Elastic rewrites code after three hour cache crash

Elastic has re-written part of its HA and failover architecture after a three-hour interruption of service and 20-minute blackout last week.

The host of Elastic Cloud has replaced its TreeCache with a service called TreeWatcher, which it reckoned is an API-compatible re-write and drop-in replacement.

According to Elastic, the only difference between the two is how the tree is refreshed.

The re-write followed the three-hour service degradation and outage of a service used by major telcos, corporations and academic computing institutions.

According to Elastic, the way it was written saw TreeCache mishandle a high-number of CPU requests in the services AWS eu-west-1 (Ireland) region.

TreeCache is an important part of the Elastic failover architecture. It provides a mirror that keeps proxy servers in touch with an Apache ZooKeeper data store in the event of disconnect.

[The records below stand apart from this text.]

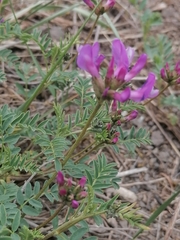 Astragalus ceratoides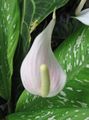   ホワイト 屋内植物, ハウスフラワーズ フラミンゴの花、ハートの花 草本植物 / Anthurium フォト
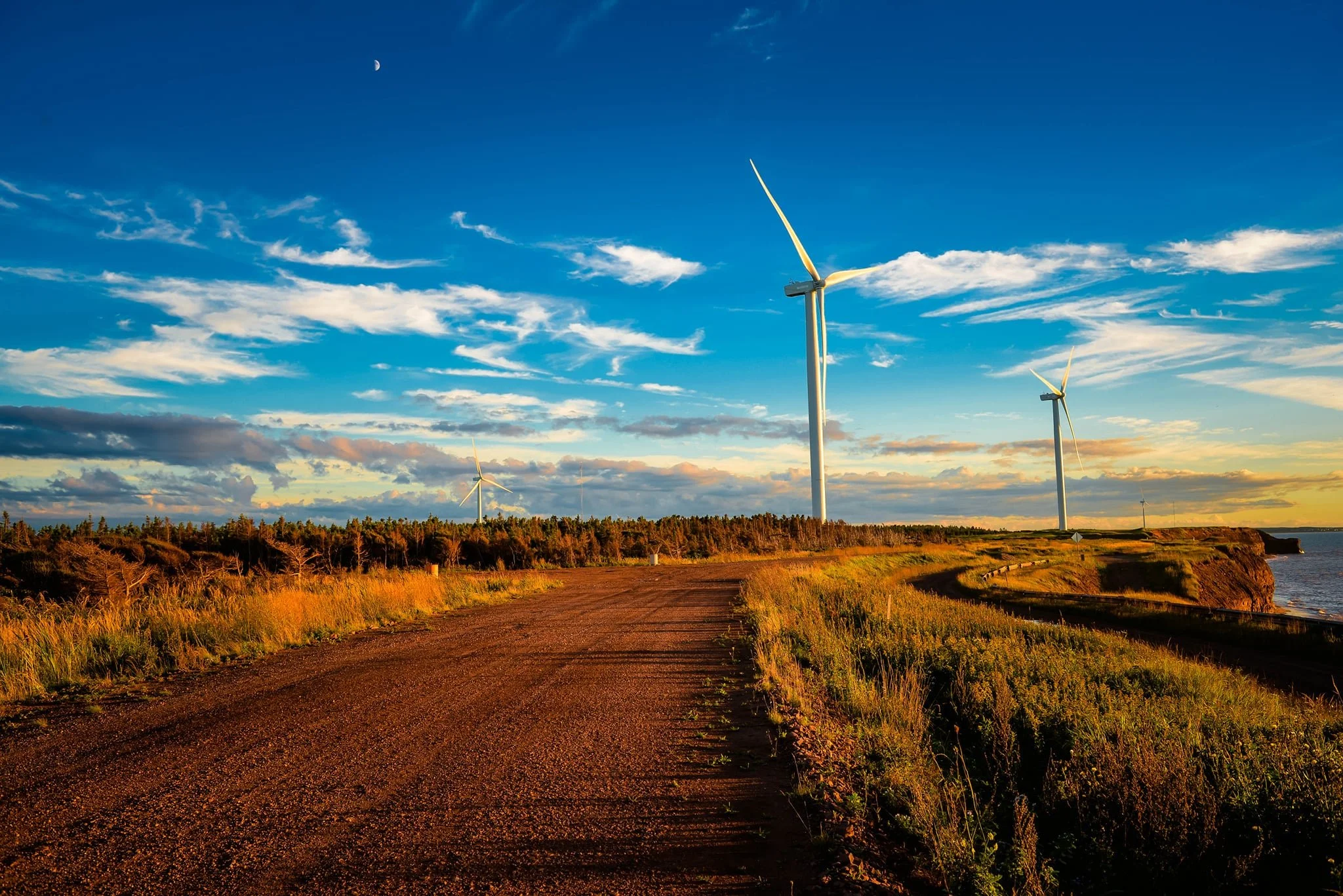 d0fb60c6-c78a-43fb-bed2-ab70a95064c0.jfif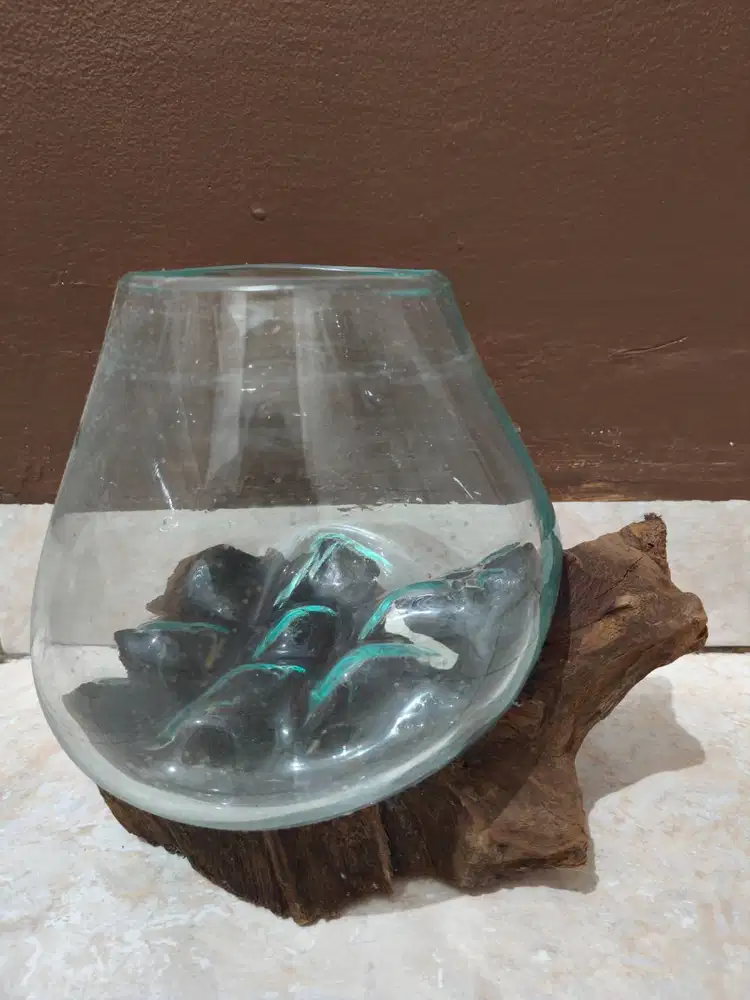 Aquarium Kayu Glasswood / Aquascape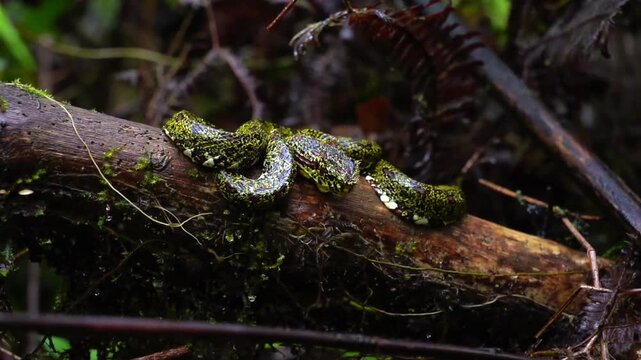 Eyelash Viper Resting Perfectly Camouflaged on Mossy Rainforest Branch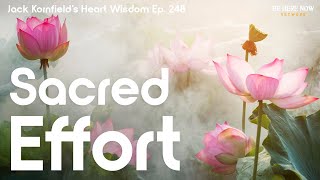 Jack Kornfield on Sacred Effort  Heart Wisdom Ep 248 [upl. by Negriv812]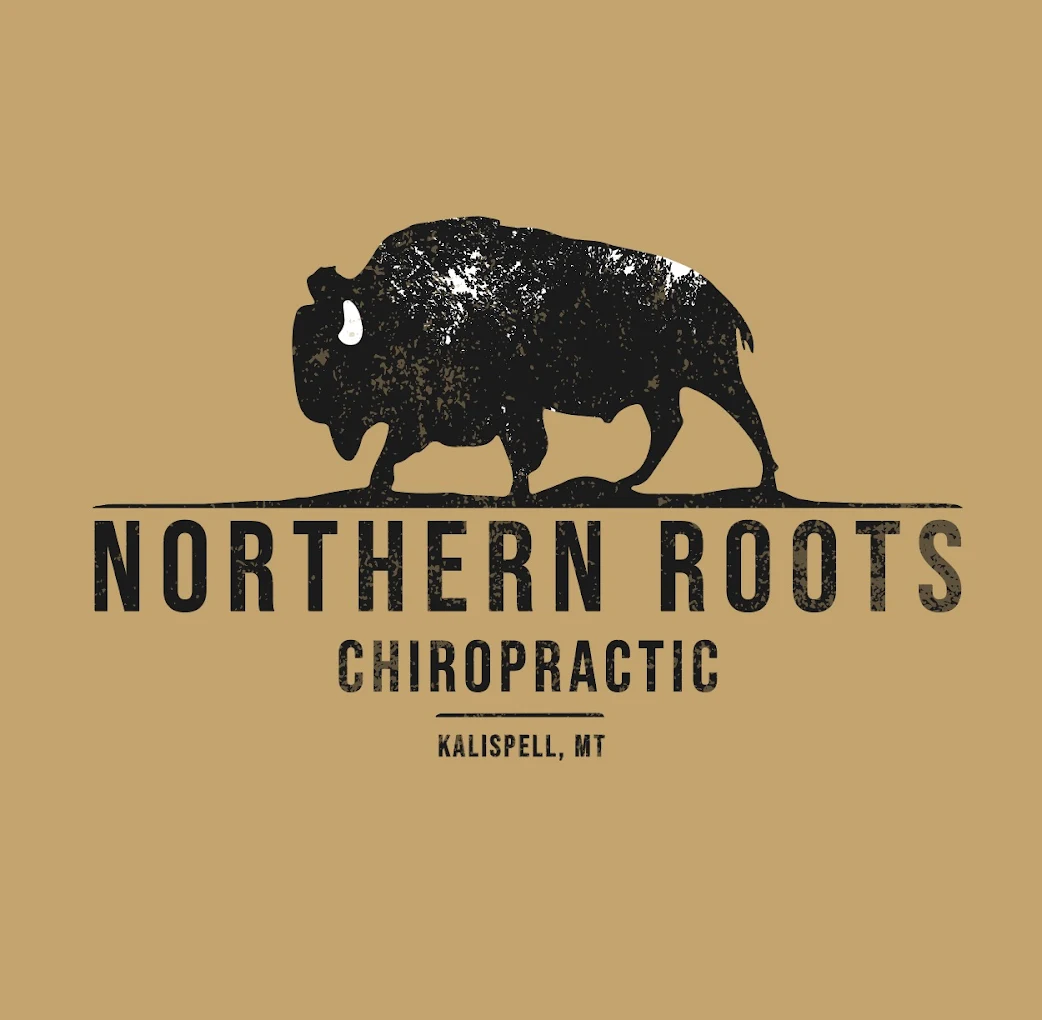 Chiropractic clinic logo - professional spine care services
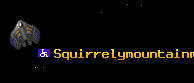 Squirrelymountainman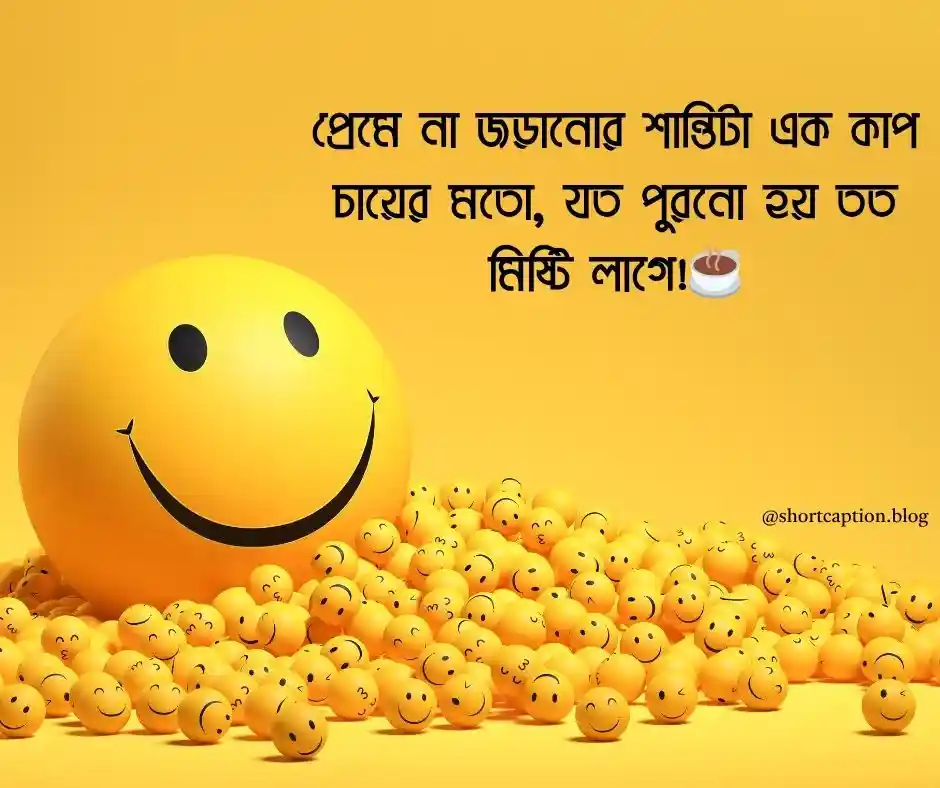 সিঙ্গেল ছেলেদের ফানি স্ট্যাটাস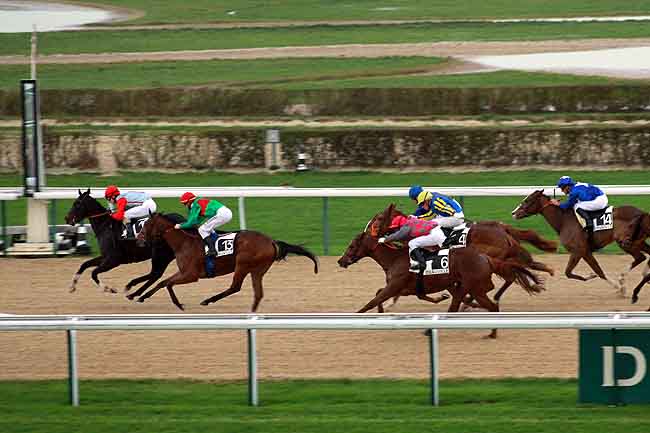 Arrivée quinté pmu PRIX DE L'AMIRAUTE à DEAUVILLE MIDI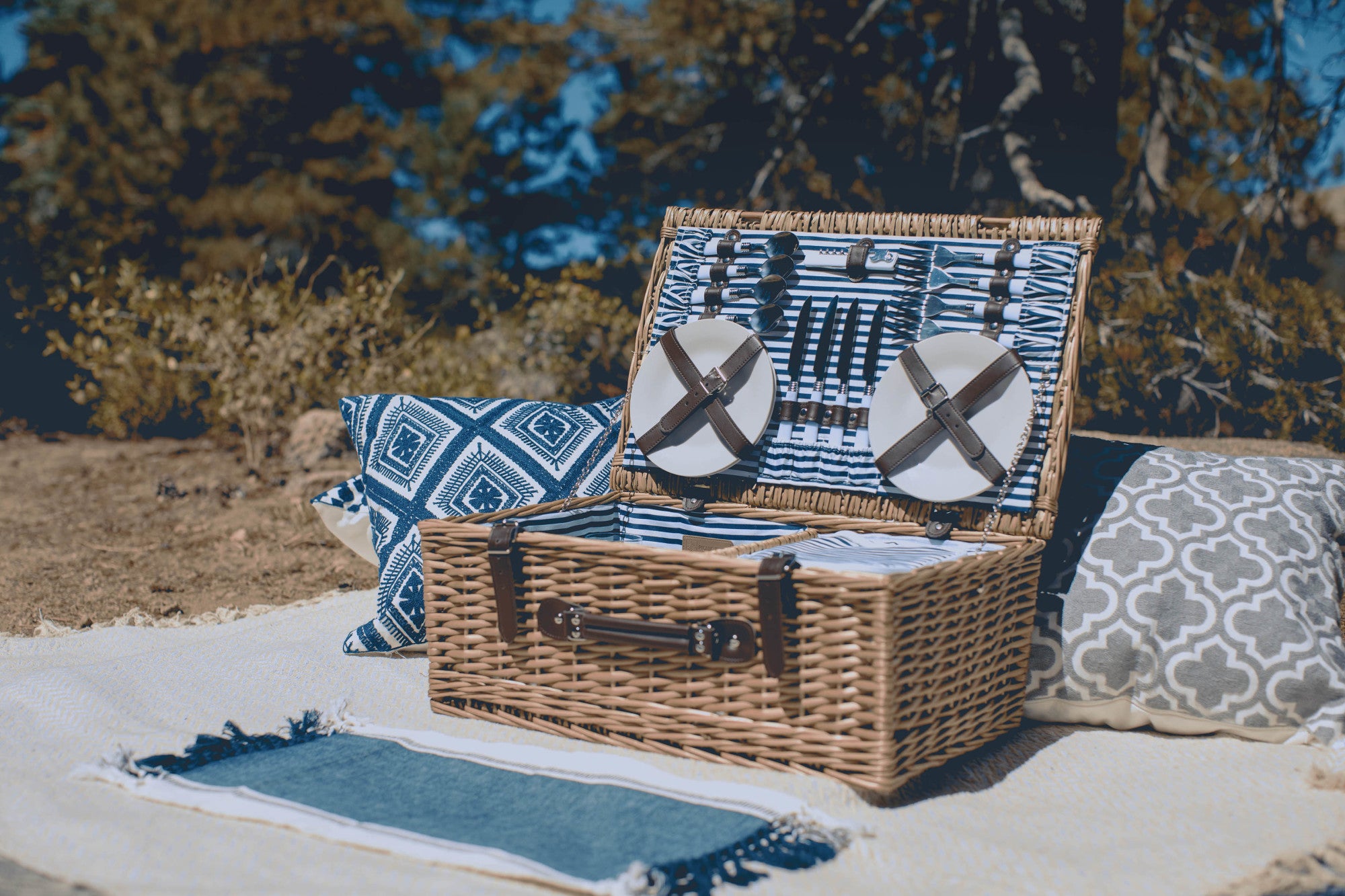 Navy Blue & White Stripe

The proxy servers provide smart rooting behind the Elastic Cloud load balancers and in front of an allocation layer.

However, the problem seems to have been inconsistent connections that meant as sessions were lost and re-established TreeCache tried to re-connect to ZooKeper and – in so doing – overwhelmed the service.

“Proxies acting as ZooKeeper clients using TreeCache started experiencing resource starvation due to refresh requests piling up and leading to out of memory conditions in that layer, resulting in a death spiral that lead to a complete outage,” Elastic said in a report here.

TreeWatcher will, now, not refresh the tree if a session is resumed when a connection is re-established, thereby not flooding ZooKeeper with new requests for new sessions.

The mea culpa came just a day after Elastic announced an update of its software stack to v6.6.